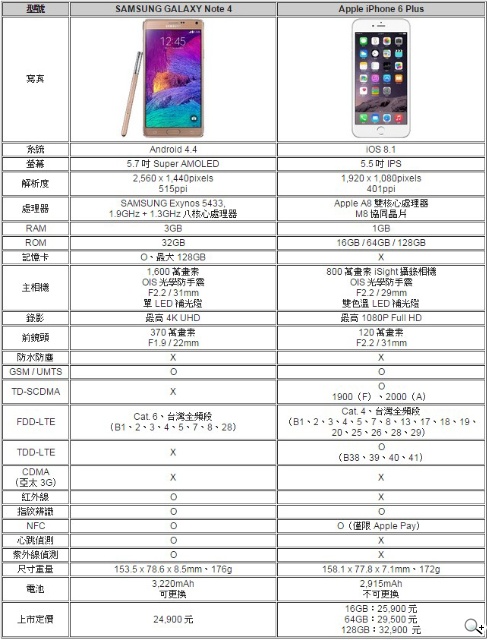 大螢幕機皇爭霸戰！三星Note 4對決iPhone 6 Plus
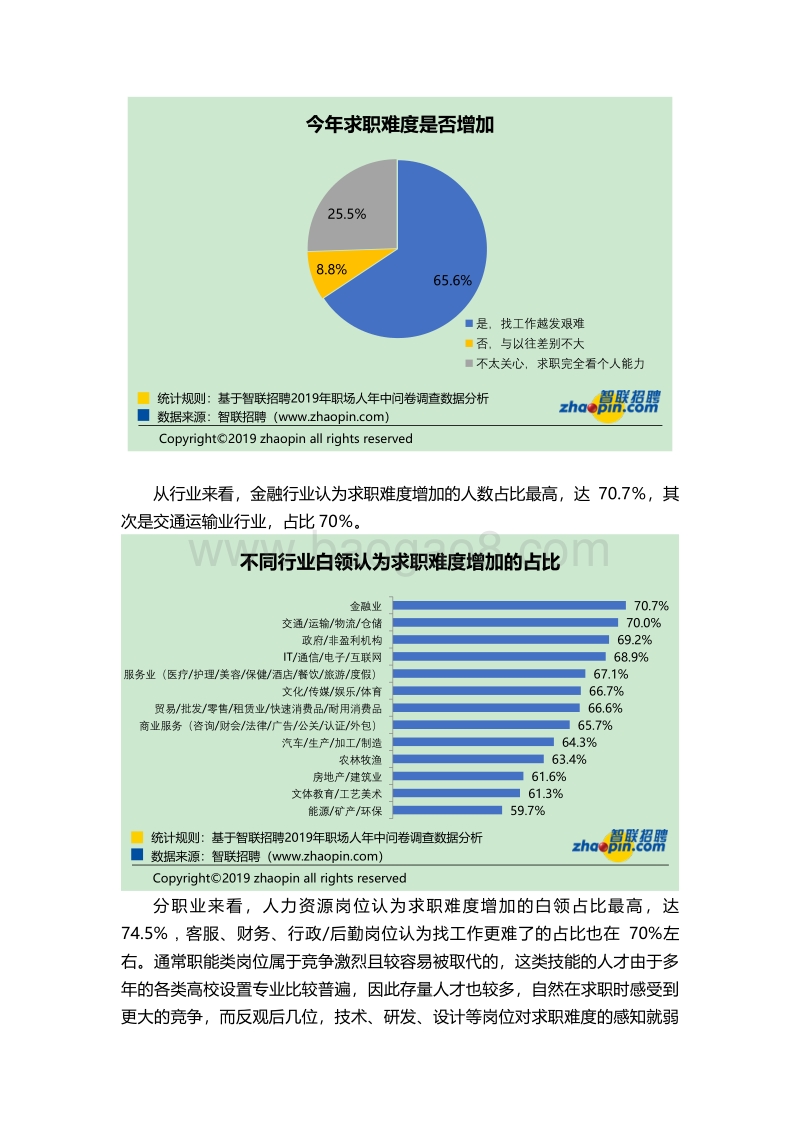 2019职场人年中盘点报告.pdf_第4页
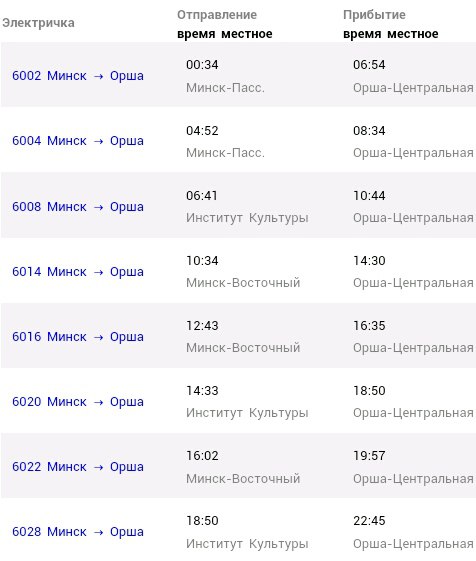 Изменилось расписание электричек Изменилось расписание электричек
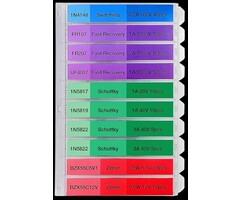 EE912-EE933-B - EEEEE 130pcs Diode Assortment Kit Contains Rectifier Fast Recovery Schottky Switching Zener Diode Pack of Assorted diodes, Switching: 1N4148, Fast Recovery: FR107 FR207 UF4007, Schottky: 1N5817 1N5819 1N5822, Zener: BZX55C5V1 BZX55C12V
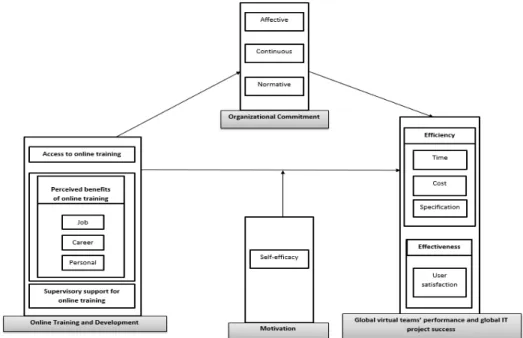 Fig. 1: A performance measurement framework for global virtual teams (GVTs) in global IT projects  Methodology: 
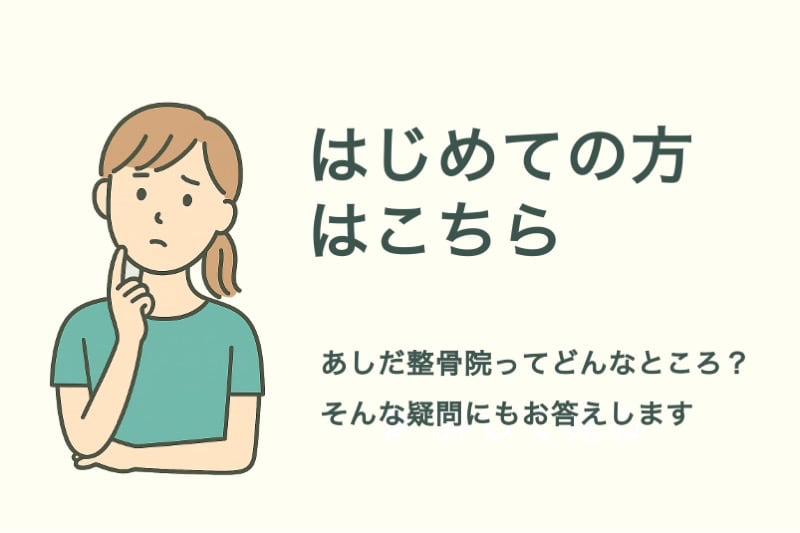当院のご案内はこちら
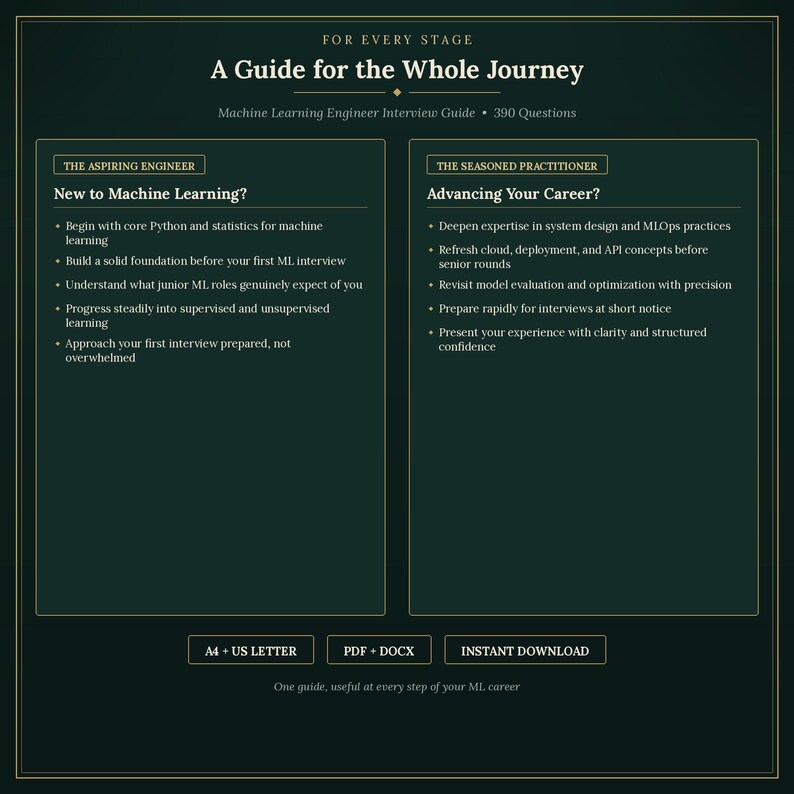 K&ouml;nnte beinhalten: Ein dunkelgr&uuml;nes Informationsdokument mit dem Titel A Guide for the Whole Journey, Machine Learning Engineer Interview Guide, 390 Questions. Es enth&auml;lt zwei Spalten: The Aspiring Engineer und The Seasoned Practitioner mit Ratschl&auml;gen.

##############################

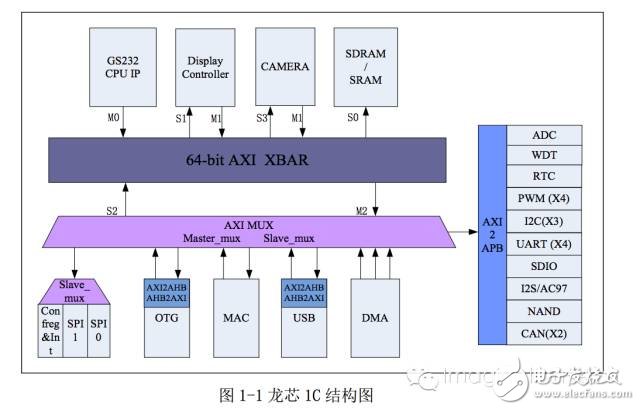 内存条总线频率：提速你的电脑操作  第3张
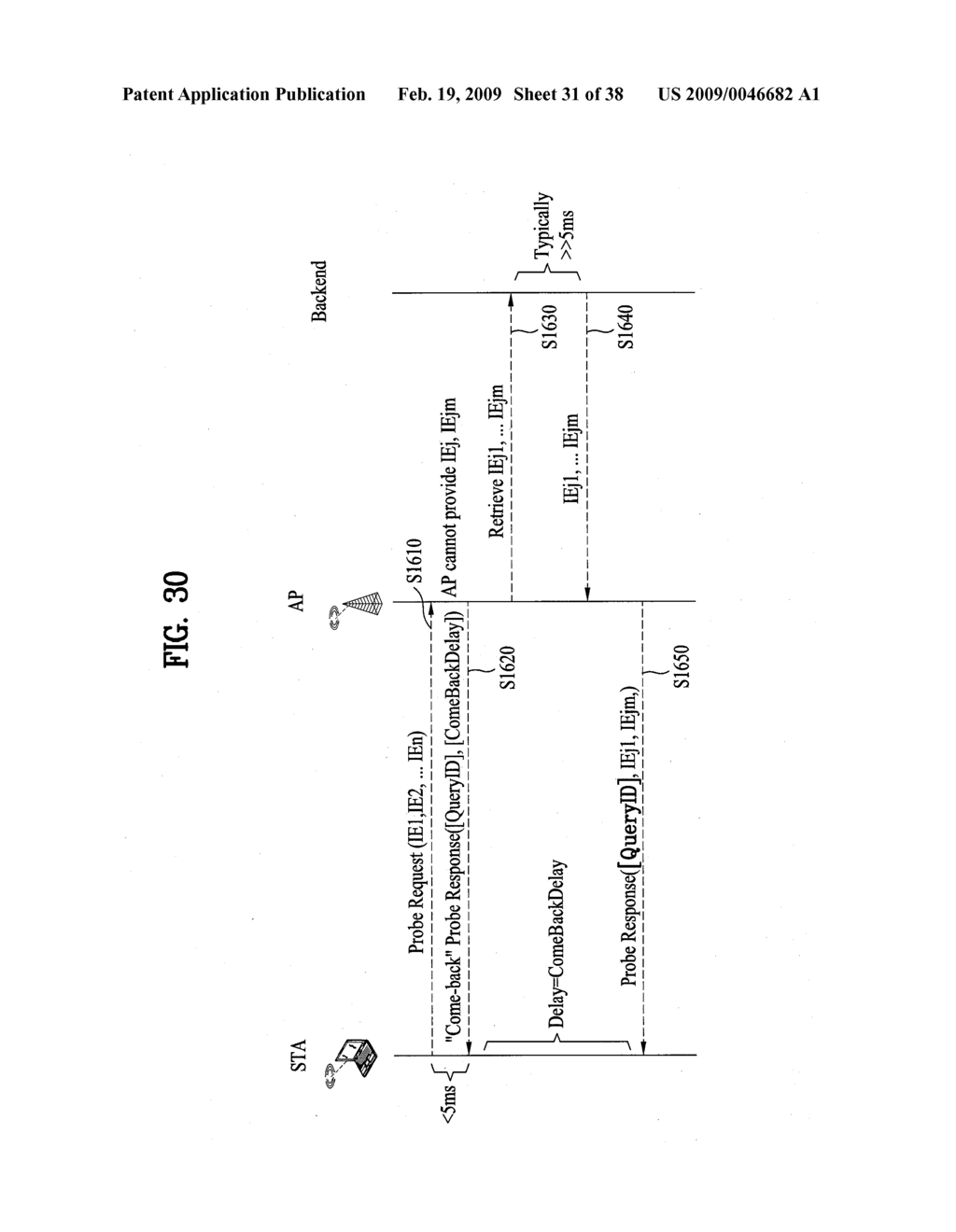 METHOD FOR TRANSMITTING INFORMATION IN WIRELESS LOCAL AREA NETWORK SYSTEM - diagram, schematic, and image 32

##############################

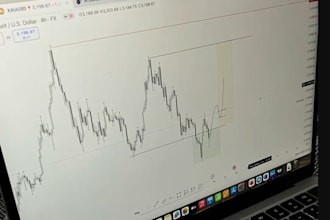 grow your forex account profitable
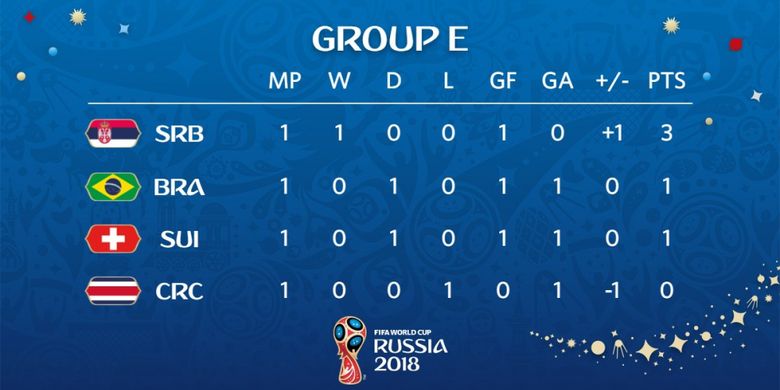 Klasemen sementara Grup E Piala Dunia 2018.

##############################

Please set down, exactly and with no pictures, the lines in the entries above starting at the one holding "大螢幕機皇爭霸戰！三星Note 4對決iPhone 6 Plus" and ending at the one holding "K&ouml;nnte beinhalten: Ein", ends included.

 大螢幕機皇爭霸戰！三星Note 4對決iPhone 6 Plus
 2019职场人年中盘点报告.pdf_第4页
 Изменилось расписание электричек Изменилось расписание электричек
 EE912-EE933-B - EEEEE 130pcs Diode Assortment Kit Contains Rectifier Fast Recovery Schottky Switching Zener Diode Pack of Assorted diodes, Switching: 1N4148, Fast Recovery: FR107 FR207 UF4007, Schottky: 1N5817 1N5819 1N5822, Zener: BZX55C5V1 BZX55C12V
 Fig. 1: A performance measurement framework for global virtual teams (GVTs) in global IT projects  Methodology: 
当院のご案内はこちら
 K&ouml;nnte beinhalten: Ein dunkelgr&uuml;nes Informationsdokument mit dem Titel A Guide for the Whole Journey, Machine Learning Engineer Interview Guide, 390 Questions. Es enth&auml;lt zwei Spalten: The Aspiring Engineer und The Seasoned Practitioner mit Ratschl&auml;gen.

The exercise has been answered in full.